Aloys Georg Fleischmann (born 24 April 1880 in Dachau; died 3 January 1964 in Cork) was a German composer, cathedral organist and choirmaster.
He was the only child of the Dachau shoemaker and founding member of the Dachau choir, the Liedertafel, Alois Fleischmann (1844–1914) and of Magdalena née Deger (1846–1928). From 1887–1894 he attended the Dachau primary school for boys. He was given private classes in music, music theory and Latin and in 1896 he was admitted to the preparatory two-year course at the Royal Academy of Music in Munich, today the Hochschule für Musik und Theater München. Having passed the entrance examination, he studied there from 1898–1901 taking the subjects organ, conducting and, with Josef Rheinberger, composition. He graduated with first class honours in all subjects.
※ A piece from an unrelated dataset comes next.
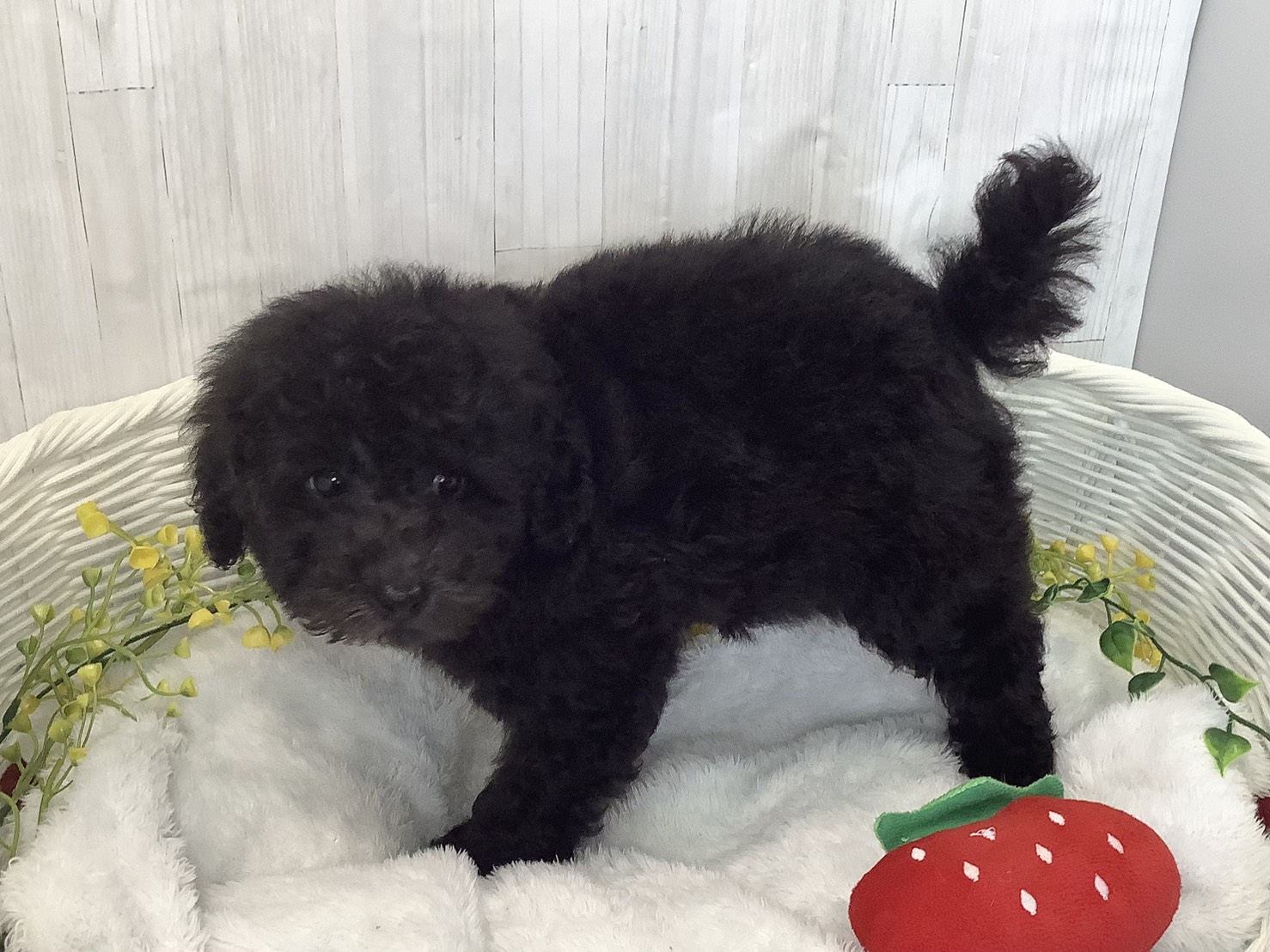 奈良県のトイプードル(トイ) (マルエスペット はんな店/2026年1月27日生まれ/男の子/グレー)の子犬の3枚目の画像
In January 1902 he was appointed organist and choirmaster to the parish church of St. Jakob in Dachau. There he founded a choir school and a school of music, in which children could learn music and purchase instruments at minimal cost. With the support of musician friends in Munich and members of the artists’ colony of Dachau (Hans von Hayek, Adolf Hölzel, August Pfaltz, Hermann Stockmann) he worked to revive the local tradition of Christmas children’s festivals, composing the music for a nativity play every year from 1903–1906. In 1905 he produced his Die Nacht der Wunder [The Night of Wonders] based on a text by Selma Lagerlöf, with stage design and costumes by von Hayek, Pfaltz and Stockmann. The Dachau orchestral musicians (including Adolf Hölzel) were augmented by members of the Munich court orchestra and choir. The play was highly successful, was widely reviewed, even in New York.
In 1905 Fleischmann married the Irish pianist Tilly Swertz, who had just graduated from the Royal Academy of Music in Munich. Her parents had emigrated from Dachau to Cork in 1879, where her father, Hans Conrad Swertz, became organist and choirmaster at the Catholic Cathedral of St Mary and St Anne. In 1906, Fleischmann was appointed to his father-in-law’s post in Cork; he worked there until 1961, when his health failed.